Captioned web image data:
· · · · · · ·

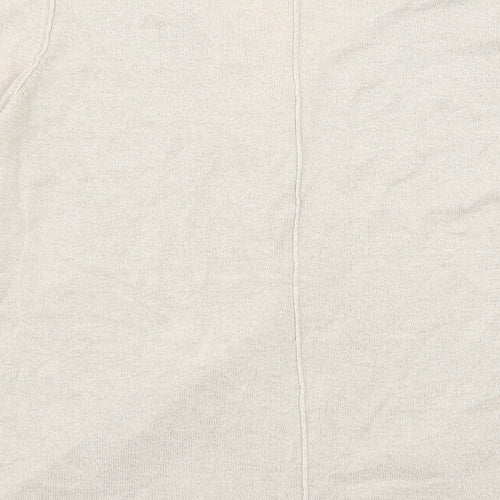 EAST Womens Beige V-Neck Linen Pullover Jumper Size 16
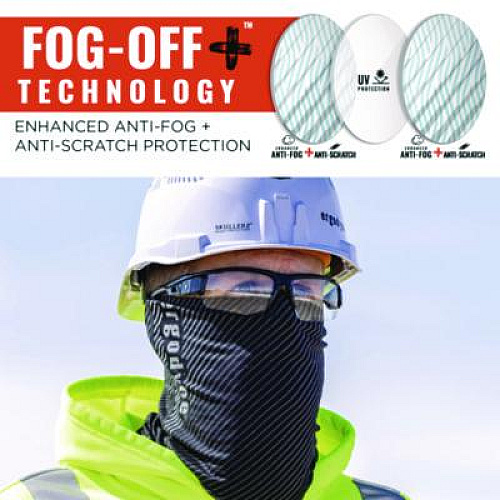 ergodyne Skullerz DAGR Anti-Scratch Enhanced Anti-Fog Safety Glasses, Matte Black Half Frame, Clear Dual Lens (52005)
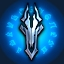 Sleek blue crystalline emblem, a striking gaming icon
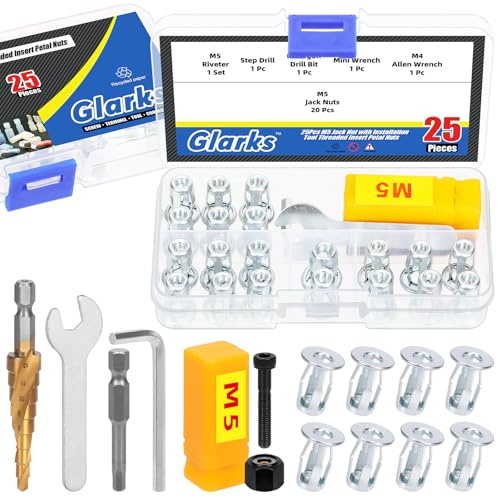 Glarks 25 M5 écrou de vérin et kit d'outils de montage écrou de vérin vis d'ancrage filetage insert papillon écrou d'expansion pour contreplaqué plastique carton dur
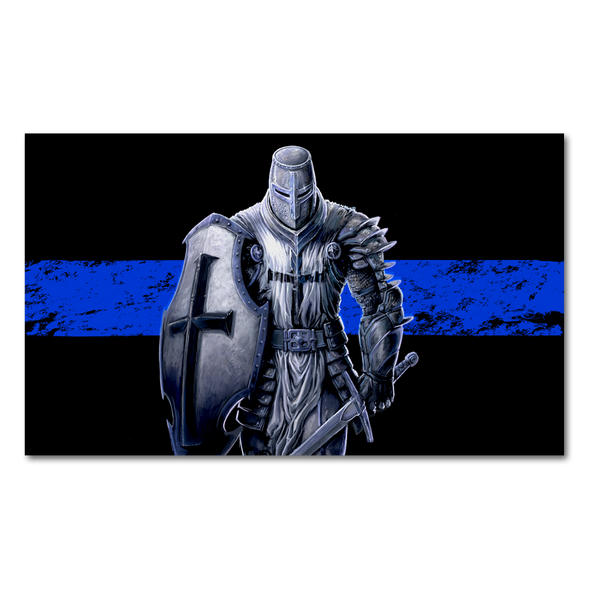 Thin Blue Line Crusader Decal Warrior 12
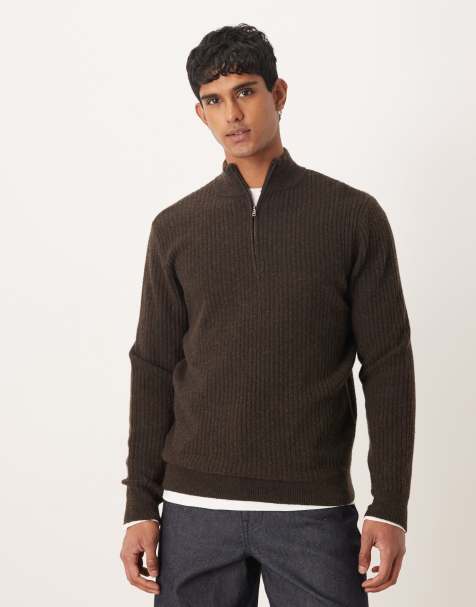 Mango wool blend quarter zip knit sweater in brown - view 1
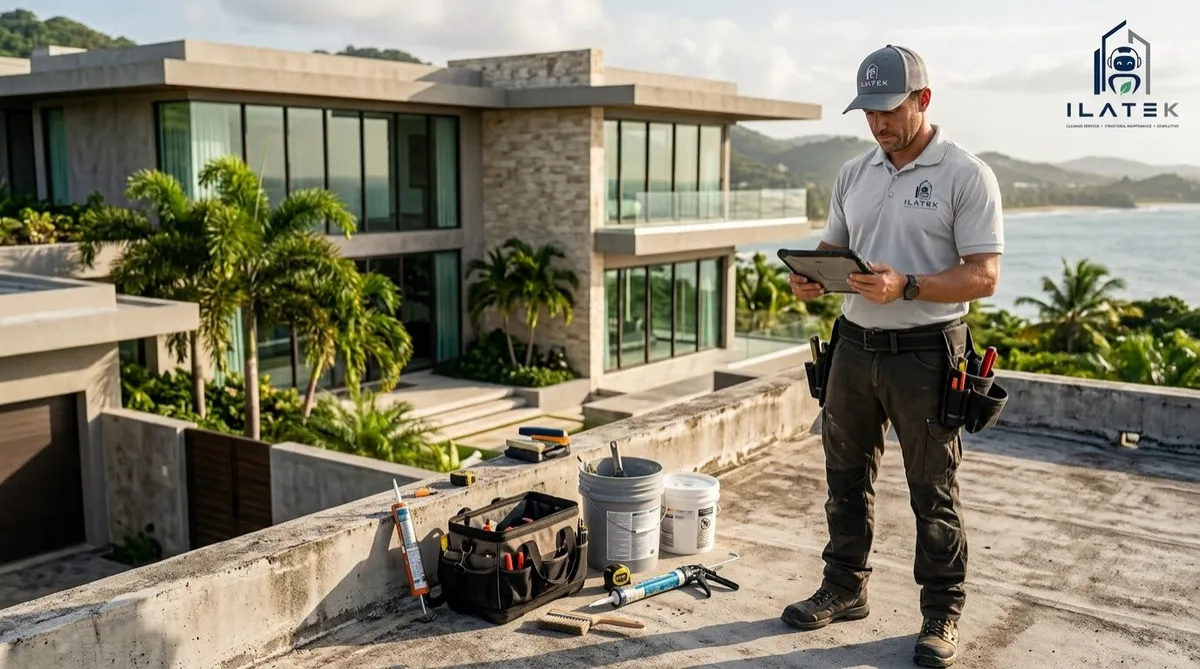 Mantenimiento preventivo de techos por Ilatek Techos en Puerto Rico — limpieza y revisión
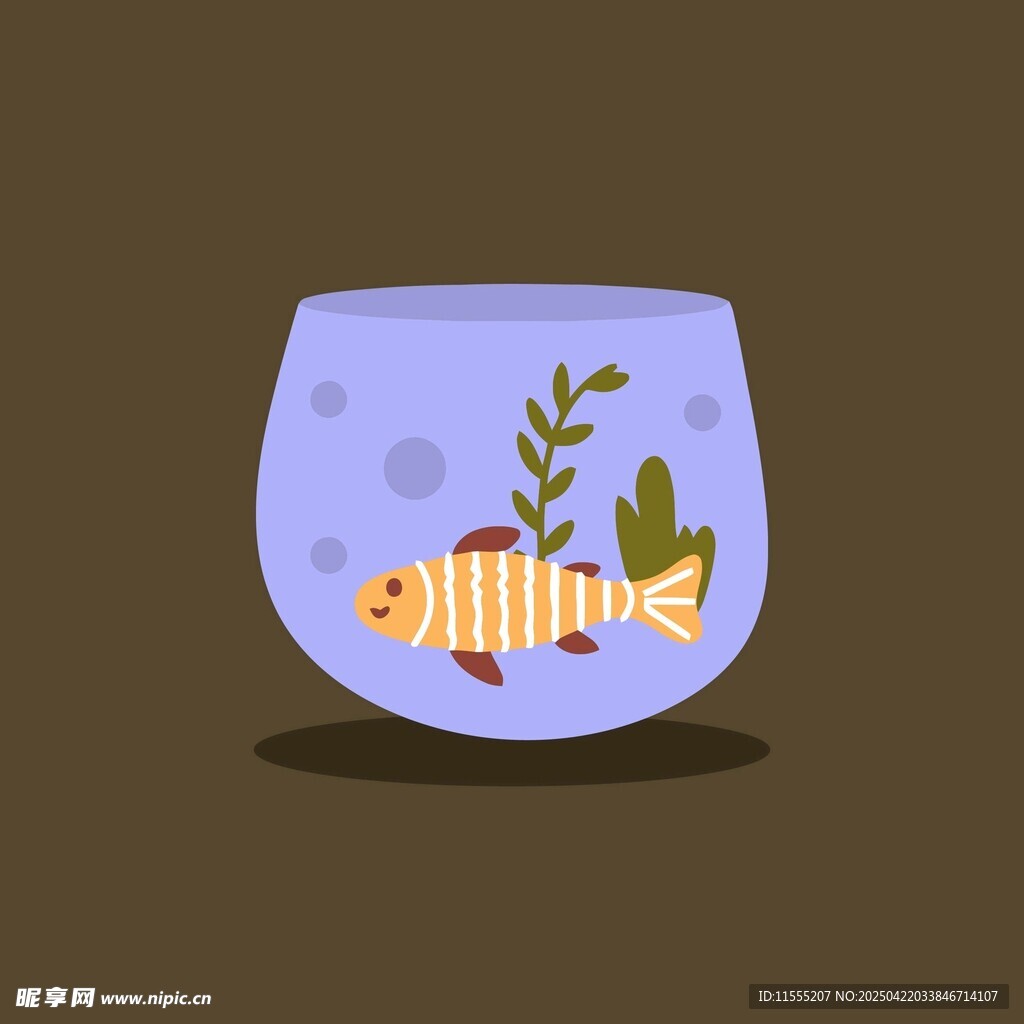 小鱼在玻璃鱼缸中游动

· · · · · · ·

* [Work item] All that is needed is an exact copy of the entries above, minus the pictures.

* [Final answer]
 EAST Womens Beige V-Neck Linen Pullover Jumper Size 16
 ergodyne Skullerz DAGR Anti-Scratch Enhanced Anti-Fog Safety Glasses, Matte Black Half Frame, Clear Dual Lens (52005)
 Sleek blue crystalline emblem, a striking gaming icon
 Glarks 25 M5 écrou de vérin et kit d'outils de montage écrou de vérin vis d'ancrage filetage insert papillon écrou d'expansion pour contreplaqué plastique carton dur
 Thin Blue Line Crusader Decal Warrior 12
 Mango wool blend quarter zip knit sweater in brown - view 1
 Mantenimiento preventivo de techos por Ilatek Techos en Puerto Rico — limpieza y revisión
 小鱼在玻璃鱼缸中游动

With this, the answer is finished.